[Items from a data source]
+ + +
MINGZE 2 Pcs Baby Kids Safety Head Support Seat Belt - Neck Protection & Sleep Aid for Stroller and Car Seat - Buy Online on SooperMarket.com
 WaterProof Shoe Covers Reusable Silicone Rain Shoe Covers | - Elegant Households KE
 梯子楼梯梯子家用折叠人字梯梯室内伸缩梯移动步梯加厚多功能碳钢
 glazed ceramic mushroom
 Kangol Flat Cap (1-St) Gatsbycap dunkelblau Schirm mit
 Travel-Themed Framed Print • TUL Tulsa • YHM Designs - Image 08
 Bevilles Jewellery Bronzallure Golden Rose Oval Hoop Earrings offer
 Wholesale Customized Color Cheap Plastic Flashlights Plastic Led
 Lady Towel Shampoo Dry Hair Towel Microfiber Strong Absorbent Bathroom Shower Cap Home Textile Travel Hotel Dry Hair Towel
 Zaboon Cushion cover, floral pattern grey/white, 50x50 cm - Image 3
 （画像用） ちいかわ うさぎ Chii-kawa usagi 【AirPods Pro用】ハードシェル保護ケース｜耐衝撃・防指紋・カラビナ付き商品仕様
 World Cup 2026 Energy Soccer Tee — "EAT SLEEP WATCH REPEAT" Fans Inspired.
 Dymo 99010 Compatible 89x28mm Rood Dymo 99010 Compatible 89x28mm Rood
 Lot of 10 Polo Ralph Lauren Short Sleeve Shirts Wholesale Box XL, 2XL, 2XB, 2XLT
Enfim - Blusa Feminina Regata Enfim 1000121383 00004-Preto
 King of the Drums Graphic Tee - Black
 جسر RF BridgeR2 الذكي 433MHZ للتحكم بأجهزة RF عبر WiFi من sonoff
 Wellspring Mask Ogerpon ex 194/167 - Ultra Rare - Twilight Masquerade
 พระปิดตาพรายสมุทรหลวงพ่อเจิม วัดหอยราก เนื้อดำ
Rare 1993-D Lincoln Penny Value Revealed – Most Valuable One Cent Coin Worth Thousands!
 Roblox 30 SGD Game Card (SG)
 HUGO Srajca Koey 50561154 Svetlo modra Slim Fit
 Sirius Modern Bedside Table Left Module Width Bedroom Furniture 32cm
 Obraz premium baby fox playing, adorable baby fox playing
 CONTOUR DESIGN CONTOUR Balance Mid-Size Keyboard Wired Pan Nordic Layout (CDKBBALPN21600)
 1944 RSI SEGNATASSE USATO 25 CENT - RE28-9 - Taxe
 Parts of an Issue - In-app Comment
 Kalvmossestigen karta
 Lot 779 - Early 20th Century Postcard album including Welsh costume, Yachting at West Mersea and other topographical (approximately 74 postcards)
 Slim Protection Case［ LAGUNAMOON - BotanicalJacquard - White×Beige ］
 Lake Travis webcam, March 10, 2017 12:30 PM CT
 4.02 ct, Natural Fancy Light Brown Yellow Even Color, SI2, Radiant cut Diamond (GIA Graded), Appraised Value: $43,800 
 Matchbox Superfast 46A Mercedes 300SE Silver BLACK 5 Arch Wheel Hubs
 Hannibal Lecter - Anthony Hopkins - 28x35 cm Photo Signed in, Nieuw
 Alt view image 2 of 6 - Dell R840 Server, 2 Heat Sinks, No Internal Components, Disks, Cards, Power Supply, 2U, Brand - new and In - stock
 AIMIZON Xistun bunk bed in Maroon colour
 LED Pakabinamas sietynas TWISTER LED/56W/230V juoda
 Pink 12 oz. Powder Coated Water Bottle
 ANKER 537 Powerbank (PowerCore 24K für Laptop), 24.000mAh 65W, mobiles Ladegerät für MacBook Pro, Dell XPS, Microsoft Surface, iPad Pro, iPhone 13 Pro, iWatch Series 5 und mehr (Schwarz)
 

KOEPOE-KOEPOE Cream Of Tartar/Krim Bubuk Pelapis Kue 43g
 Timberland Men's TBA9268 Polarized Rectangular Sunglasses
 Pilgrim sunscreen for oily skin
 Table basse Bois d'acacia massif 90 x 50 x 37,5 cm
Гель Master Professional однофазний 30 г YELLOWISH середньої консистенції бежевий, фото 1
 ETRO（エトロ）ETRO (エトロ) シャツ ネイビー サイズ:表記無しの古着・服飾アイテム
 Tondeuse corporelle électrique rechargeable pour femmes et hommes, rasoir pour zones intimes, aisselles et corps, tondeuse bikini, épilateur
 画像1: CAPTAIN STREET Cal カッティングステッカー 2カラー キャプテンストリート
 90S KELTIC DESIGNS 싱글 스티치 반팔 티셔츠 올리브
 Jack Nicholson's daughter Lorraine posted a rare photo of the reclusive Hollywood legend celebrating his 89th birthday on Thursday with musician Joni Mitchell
+ + +
Exercise objective: Would you print exactly the lines from the first line of the entries above through the line that has "Lot 779 - Early", both included, and stop there?

Solution to this problem:
MINGZE 2 Pcs Baby Kids Safety Head Support Seat Belt - Neck Protection & Sleep Aid for Stroller and Car Seat - Buy Online on SooperMarket.com
 WaterProof Shoe Covers Reusable Silicone Rain Shoe Covers | - Elegant Households KE
 梯子楼梯梯子家用折叠人字梯梯室内伸缩梯移动步梯加厚多功能碳钢
 glazed ceramic mushroom
 Kangol Flat Cap (1-St) Gatsbycap dunkelblau Schirm mit
 Travel-Themed Framed Print • TUL Tulsa • YHM Designs - Image 08
 Bevilles Jewellery Bronzallure Golden Rose Oval Hoop Earrings offer
 Wholesale Customized Color Cheap Plastic Flashlights Plastic Led
 Lady Towel Shampoo Dry Hair Towel Microfiber Strong Absorbent Bathroom Shower Cap Home Textile Travel Hotel Dry Hair Towel
 Zaboon Cushion cover, floral pattern grey/white, 50x50 cm - Image 3
 （画像用） ちいかわ うさぎ Chii-kawa usagi 【AirPods Pro用】ハードシェル保護ケース｜耐衝撃・防指紋・カラビナ付き商品仕様
 World Cup 2026 Energy Soccer Tee — "EAT SLEEP WATCH REPEAT" Fans Inspired.
 Dymo 99010 Compatible 89x28mm Rood Dymo 99010 Compatible 89x28mm Rood
 Lot of 10 Polo Ralph Lauren Short Sleeve Shirts Wholesale Box XL, 2XL, 2XB, 2XLT
Enfim - Blusa Feminina Regata Enfim 1000121383 00004-Preto
 King of the Drums Graphic Tee - Black
 جسر RF BridgeR2 الذكي 433MHZ للتحكم بأجهزة RF عبر WiFi من sonoff
 Wellspring Mask Ogerpon ex 194/167 - Ultra Rare - Twilight Masquerade
 พระปิดตาพรายสมุทรหลวงพ่อเจิม วัดหอยราก เนื้อดำ
Rare 1993-D Lincoln Penny Value Revealed – Most Valuable One Cent Coin Worth Thousands!
 Roblox 30 SGD Game Card (SG)
 HUGO Srajca Koey 50561154 Svetlo modra Slim Fit
 Sirius Modern Bedside Table Left Module Width Bedroom Furniture 32cm
 Obraz premium baby fox playing, adorable baby fox playing
 CONTOUR DESIGN CONTOUR Balance Mid-Size Keyboard Wired Pan Nordic Layout (CDKBBALPN21600)
 1944 RSI SEGNATASSE USATO 25 CENT - RE28-9 - Taxe
 Parts of an Issue - In-app Comment
 Kalvmossestigen karta
 Lot 779 - Early 20th Century Postcard album including Welsh costume, Yachting at West Mersea and other topographical (approximately 74 postcards)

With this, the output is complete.